To do -
Reproduce the listing below word for word and exclude any picture.

Material provided -
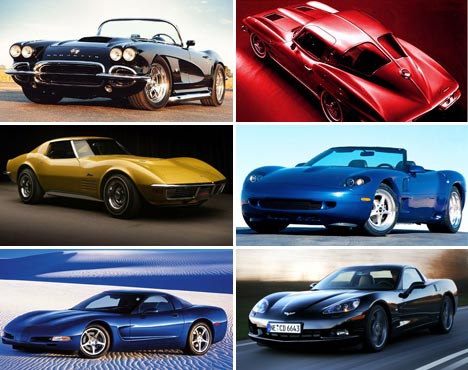 Los mejores Corvette: estilo, velocidad y tradición fifu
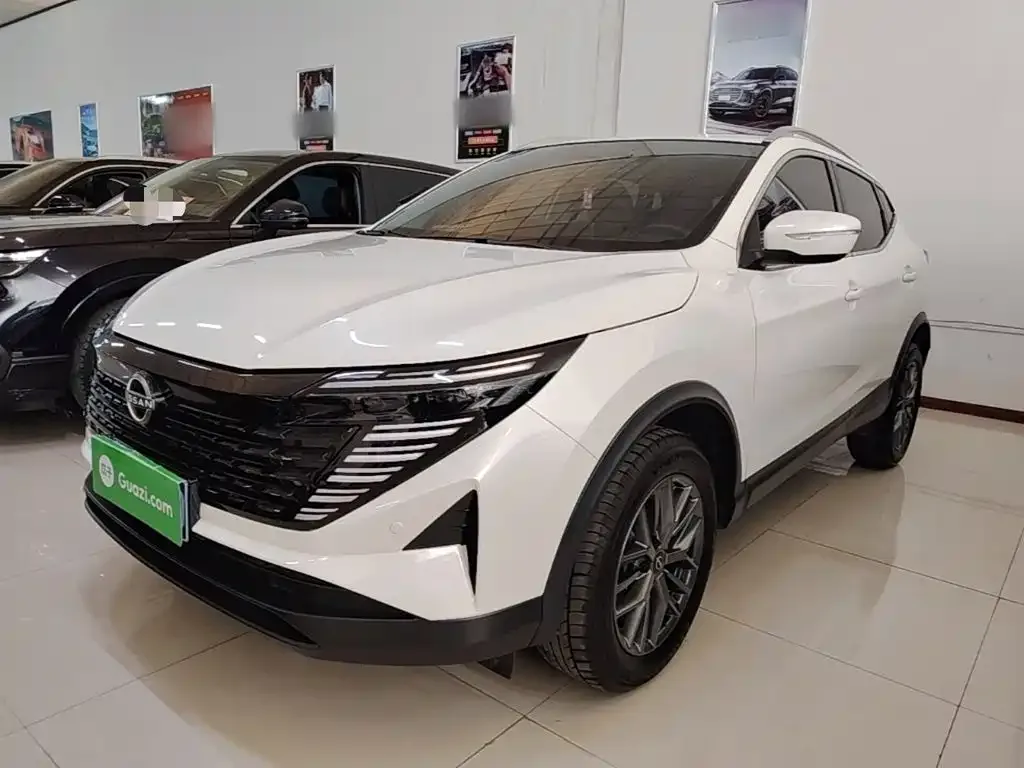 Фотография автомобиля — Nissan Qashqai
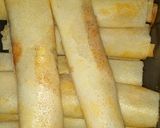 صورة لخطوة 1 من وصفة بوراك بالبطاطا والسبانخ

Finished exercise -
 Los mejores Corvette: estilo, velocidad y tradición fifu
 Фотография автомобиля — Nissan Qashqai
 صورة لخطوة 1 من وصفة بوراك بالبطاطا والسبانخ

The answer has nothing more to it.